If this becomes the norm rather than the rule we won't see anything but Con rule for decades.

Sean in Ottawa

It is a combination of illegal, slightly illegal and simply unethical moves that can win. Would not take many illegal tricks to go over the top-- and the chance of getting caught is low. We know that the Cons are doing half of these as it is (the legal half). We know that the US -- both parties-- do this routinely and that the Republicans have raised it to an art form there. We know that this is where the Cons get their advice-- why do you think this is far-fetched?

I'll add one more to the list:

Muddy the waters by accusing the other parties of being just as dirty to insulate this from having much effect on the voters who will, if anything, get discouraged and vote less. Discredit the system knowing that those who are more likely to support you, the winners in society will be more likely to vote than those who are disadvantaged as it is.

Since it can work-- you only need a conscience not to do it.

Sean in Ottawa

Not much more cynical than playing one part of the country off against the other gambling that the seperatists won't win enough to take away the win.

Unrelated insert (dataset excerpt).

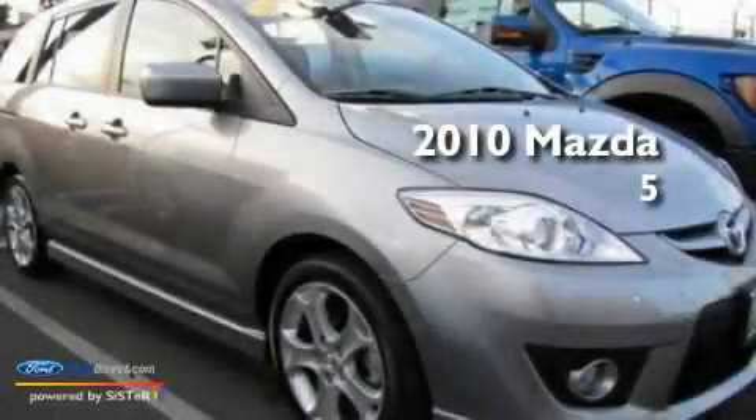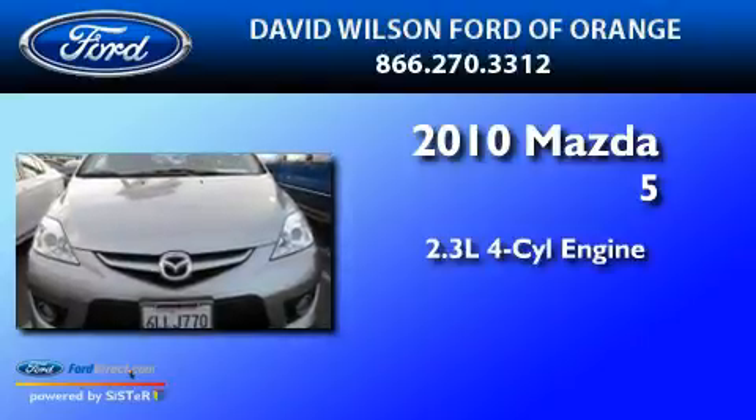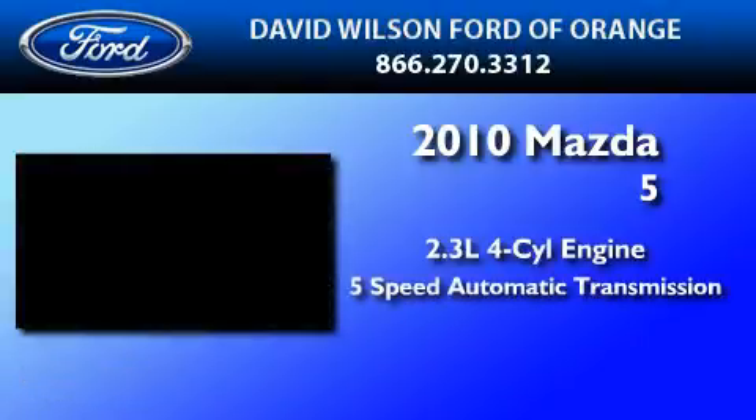This is a 2010 Mazda 5. It features a 2.3-liter 4-cylinder engine and a 5-speed automatic transmission.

Oh, sorry this is also being done already.

Anderson

madmax wrote:
Work hard, run good candidates and stop assuming that people will vote your way if you take away choice.

This riding will never elect a non-Conservative barring a complete meltdown by the CPC although there are enough votes between the Liberals and the NDP to do it. The two parties here share enough core values to field one candidate together that would end the vote splitting and reflect the values of the majority of people here.

What's more important - the party banner and pride - or defending health care, workers and equality.

Stockholm

The Tory won 46% in CCMV - that is close enough to 50% that i think its clear that unless there was a 1993-style Tory meltdown - that riding would go Tory even in a straight two way race.

Basement Dweller

A few comments:

Fin has starpower. Watch him rise.

Conservatives need to worry about BC because our economy is tanking. People here quickly turn on governments at times like this. They also wasted Dilworth. She had potential but is now tainted.

What happened to the East Asian vote? Its the core of the Liberal vote here. Why didn't they come out for Lee? And what was with all those Liberal signs in West Coquitam? (poll-by-poll results will show Fin cleaned up in former Conservative/Liberal polls in Coquitlam)

Greens? HUH. Why did they even bother?

 

no1important

I am surprised very surprised after all the trash talk last winter Quebec elected a conservative. The one in NS does not surprise me.

The NDP winning out here is no surprise.

4 by elections and the libs were not even contenders in any of them. They came in third in all 4.

Is this bad news for the libs? or will they spin it into meaning by elections mean nothing? But third in all 4 is not good either.

 

I giess a Harper majority is inevitable...

kathleen

Sean in Ottawa wrote:

Interesting the Cons ahead iin the riding the BQ is alleging dirty tricks-- They may wish they did not win because the win might give this story more legs especially if there is proof of where the calls came from

http://www.cbc.ca/politics/insidepolitics/2009/11/byelection-twist-ident...

Look at the earliest reader post-- saying their voice mails were filled up on election day with auto dialled faxes.

If the cons are doing these sorts of things they will eventually get caught.

Let's hope the autodialler was not some incompetent BQ supporter but if it is found to be the Cons then this might be then begining of the end of this government- it will mean a lot if they did get caught and the tactic worked- the vote is close enough that it is hard to imagine it did not make the difference. This will be the story to watch over the next two weeks- forget the results in the other byelections.

Is nobody concerned about this?

I am. I think this is exactly how Harper will win his majority. It's slick. Like him. Like his Conservative party ads in the mail and his brand on the infrastructure projects. He'll win on election day, like you said, riding by riding.

 

ottawaobserver

Anderson wrote:

madmax wrote:
Work hard, run good candidates and stop assuming that people will vote your way if you take away choice.

This riding will never elect a non-Conservative barring a complete meltdown by the CPC although there are enough votes between the Liberals and the NDP to do it. The two parties here share enough core values to field one candidate together that would end the vote splitting and reflect the values of the majority of people here.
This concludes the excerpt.